WHAT YOU HAVE TO DO: Look through the data below. Pick out the lines holding the string "Steam".

DATA FOR REVIEW:
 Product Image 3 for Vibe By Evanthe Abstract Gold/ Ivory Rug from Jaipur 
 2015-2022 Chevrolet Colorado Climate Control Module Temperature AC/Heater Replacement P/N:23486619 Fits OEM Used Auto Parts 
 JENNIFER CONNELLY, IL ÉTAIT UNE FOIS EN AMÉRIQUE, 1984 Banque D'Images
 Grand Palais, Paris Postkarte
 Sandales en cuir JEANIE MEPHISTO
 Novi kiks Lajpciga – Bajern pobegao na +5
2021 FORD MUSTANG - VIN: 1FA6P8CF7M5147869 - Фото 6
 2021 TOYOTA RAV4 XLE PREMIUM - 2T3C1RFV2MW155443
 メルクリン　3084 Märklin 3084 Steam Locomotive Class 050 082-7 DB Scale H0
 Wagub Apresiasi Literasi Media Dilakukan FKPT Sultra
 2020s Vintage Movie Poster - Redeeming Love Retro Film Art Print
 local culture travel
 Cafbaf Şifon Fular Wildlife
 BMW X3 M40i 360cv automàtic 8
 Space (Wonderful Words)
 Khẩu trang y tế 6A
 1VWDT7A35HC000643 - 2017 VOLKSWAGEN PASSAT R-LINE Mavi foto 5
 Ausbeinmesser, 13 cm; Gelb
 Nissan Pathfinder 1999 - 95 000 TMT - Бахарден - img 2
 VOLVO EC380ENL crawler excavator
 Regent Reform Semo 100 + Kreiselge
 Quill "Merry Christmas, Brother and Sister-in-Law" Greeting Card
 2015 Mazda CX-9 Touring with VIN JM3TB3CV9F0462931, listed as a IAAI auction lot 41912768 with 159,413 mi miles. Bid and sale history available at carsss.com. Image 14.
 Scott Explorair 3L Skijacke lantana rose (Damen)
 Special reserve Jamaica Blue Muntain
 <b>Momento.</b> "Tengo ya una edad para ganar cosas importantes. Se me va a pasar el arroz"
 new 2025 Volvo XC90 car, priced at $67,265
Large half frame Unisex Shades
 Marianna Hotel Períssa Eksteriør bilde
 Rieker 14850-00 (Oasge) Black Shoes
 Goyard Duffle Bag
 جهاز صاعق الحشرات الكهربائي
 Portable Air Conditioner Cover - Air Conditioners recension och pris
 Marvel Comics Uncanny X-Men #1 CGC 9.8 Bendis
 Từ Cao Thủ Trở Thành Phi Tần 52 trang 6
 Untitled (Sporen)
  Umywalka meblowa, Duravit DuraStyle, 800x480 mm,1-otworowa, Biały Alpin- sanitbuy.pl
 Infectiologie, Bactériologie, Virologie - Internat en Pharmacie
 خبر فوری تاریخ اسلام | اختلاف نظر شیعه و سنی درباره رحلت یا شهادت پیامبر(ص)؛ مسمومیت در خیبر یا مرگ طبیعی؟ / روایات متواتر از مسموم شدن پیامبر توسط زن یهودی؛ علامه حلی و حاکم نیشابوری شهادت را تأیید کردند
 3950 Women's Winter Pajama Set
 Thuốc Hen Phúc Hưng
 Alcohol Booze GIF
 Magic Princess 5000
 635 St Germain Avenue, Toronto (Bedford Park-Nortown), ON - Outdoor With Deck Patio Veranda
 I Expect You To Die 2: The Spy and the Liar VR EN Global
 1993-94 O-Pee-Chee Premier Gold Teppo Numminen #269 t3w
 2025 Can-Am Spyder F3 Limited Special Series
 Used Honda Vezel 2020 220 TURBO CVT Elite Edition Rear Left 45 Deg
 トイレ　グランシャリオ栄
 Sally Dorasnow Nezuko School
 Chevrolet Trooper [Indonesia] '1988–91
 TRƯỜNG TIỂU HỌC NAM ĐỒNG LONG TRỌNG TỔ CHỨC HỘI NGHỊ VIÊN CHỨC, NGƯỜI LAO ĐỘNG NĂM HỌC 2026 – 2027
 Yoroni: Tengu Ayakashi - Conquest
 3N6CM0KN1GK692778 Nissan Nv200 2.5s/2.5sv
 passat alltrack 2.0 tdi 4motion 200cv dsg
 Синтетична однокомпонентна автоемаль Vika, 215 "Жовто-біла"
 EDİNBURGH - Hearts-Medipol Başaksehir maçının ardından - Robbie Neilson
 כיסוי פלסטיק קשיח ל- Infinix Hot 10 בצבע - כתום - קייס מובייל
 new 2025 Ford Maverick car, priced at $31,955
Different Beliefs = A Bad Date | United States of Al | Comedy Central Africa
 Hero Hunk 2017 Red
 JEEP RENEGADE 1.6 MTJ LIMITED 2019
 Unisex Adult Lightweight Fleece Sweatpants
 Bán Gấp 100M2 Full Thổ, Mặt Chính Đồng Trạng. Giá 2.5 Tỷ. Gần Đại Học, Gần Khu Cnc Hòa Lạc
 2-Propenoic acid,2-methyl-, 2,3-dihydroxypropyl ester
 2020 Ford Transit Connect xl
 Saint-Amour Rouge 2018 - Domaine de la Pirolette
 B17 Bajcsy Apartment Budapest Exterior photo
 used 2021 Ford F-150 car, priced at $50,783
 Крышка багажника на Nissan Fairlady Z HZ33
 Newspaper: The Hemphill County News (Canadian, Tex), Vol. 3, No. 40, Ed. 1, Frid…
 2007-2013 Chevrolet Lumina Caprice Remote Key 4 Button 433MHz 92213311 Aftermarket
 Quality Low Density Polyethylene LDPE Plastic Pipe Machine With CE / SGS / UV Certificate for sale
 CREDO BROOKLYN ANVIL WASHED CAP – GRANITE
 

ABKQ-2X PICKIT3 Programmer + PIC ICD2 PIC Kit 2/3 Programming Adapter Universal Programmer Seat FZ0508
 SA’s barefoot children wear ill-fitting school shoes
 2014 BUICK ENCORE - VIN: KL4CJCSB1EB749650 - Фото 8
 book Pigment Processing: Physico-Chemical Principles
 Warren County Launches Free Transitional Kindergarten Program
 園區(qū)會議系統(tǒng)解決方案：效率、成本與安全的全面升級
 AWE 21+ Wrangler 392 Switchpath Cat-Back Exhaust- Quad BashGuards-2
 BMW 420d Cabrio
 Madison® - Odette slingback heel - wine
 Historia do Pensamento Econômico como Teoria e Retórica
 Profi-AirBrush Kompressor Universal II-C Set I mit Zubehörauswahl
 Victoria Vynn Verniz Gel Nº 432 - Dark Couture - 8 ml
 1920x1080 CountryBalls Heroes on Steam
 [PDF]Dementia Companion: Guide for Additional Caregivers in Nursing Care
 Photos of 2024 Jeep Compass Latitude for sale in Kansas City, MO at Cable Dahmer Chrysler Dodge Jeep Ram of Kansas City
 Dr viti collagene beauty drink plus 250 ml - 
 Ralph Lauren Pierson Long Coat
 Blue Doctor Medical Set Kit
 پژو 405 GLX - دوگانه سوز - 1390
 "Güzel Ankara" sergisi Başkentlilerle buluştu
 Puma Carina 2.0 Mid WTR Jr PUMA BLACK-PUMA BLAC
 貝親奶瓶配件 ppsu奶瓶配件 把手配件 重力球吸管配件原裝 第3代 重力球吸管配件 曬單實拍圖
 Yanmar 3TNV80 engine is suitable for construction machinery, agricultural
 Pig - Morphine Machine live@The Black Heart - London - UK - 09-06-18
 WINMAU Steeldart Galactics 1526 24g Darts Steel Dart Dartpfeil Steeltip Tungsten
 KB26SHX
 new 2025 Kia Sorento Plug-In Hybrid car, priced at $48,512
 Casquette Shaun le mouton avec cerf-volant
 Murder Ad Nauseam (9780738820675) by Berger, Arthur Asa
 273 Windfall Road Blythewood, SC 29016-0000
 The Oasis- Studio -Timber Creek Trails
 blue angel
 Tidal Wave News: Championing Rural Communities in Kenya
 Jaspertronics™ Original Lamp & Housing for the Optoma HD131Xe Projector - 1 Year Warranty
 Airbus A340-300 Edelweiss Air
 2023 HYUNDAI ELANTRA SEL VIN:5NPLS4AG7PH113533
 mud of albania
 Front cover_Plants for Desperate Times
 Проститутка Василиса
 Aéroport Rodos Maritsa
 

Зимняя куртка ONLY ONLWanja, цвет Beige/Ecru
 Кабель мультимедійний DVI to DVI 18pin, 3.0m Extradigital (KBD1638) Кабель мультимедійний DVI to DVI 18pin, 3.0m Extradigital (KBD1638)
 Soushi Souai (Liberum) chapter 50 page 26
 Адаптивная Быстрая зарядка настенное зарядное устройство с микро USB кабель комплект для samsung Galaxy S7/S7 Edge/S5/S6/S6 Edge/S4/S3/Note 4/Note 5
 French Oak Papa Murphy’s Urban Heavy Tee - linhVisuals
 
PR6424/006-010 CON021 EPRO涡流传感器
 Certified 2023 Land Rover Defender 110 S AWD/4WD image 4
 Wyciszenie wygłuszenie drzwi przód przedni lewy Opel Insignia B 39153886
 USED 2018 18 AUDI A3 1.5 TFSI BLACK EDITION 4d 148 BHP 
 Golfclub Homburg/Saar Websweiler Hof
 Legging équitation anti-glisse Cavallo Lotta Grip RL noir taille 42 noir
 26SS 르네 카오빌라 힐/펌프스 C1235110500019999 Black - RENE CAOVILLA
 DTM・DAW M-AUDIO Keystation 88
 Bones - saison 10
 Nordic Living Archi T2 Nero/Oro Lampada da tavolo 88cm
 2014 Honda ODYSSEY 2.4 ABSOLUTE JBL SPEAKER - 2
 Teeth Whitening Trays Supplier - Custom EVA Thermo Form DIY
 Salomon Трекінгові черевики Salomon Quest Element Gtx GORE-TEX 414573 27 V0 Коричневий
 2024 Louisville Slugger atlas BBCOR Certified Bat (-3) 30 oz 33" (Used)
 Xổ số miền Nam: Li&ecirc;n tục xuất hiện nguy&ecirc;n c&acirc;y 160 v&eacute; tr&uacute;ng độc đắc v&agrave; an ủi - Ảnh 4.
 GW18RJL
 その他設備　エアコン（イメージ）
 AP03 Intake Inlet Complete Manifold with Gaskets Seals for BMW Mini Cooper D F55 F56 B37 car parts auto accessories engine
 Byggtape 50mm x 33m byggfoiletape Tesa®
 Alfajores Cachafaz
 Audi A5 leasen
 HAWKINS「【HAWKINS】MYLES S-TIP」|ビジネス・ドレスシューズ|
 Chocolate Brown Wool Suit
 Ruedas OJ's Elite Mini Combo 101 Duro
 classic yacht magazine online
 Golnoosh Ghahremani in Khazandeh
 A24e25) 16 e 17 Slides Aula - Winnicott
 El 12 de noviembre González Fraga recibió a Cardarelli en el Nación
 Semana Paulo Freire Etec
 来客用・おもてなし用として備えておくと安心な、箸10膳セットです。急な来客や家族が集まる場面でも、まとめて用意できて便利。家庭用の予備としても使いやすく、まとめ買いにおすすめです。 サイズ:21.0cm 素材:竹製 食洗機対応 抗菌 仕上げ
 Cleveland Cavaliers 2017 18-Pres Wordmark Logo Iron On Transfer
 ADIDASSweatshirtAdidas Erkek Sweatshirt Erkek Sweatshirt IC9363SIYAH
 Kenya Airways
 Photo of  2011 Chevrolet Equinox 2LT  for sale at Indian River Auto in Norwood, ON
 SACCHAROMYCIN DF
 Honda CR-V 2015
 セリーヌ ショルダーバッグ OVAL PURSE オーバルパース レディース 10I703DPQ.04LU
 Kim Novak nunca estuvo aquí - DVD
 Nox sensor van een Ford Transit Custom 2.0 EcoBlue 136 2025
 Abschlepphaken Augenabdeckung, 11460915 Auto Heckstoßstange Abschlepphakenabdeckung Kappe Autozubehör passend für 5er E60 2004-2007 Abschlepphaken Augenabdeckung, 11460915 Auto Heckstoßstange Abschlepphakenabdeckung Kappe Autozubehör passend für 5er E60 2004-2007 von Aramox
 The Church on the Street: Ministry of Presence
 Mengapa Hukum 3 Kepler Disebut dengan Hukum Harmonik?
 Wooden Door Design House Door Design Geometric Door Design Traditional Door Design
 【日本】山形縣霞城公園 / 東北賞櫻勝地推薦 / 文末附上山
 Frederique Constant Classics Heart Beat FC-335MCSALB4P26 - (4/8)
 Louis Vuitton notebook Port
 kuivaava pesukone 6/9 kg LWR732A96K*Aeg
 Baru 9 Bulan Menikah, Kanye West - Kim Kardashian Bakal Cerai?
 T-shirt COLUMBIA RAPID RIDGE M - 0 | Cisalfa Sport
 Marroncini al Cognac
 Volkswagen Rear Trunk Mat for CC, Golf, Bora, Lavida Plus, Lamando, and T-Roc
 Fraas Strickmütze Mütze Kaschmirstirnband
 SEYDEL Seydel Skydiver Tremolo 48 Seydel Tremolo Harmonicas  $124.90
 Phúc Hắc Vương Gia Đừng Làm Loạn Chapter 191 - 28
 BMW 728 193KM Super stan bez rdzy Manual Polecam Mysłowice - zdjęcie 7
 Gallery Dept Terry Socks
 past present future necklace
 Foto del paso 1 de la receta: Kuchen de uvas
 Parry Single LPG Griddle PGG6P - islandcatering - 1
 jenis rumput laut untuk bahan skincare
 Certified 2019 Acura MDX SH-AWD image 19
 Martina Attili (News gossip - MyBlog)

TASK ANSWER:
 メルクリン　3084 Märklin 3084 Steam Locomotive Class 050 082-7 DB Scale H0
 1920x1080 CountryBalls Heroes on Steam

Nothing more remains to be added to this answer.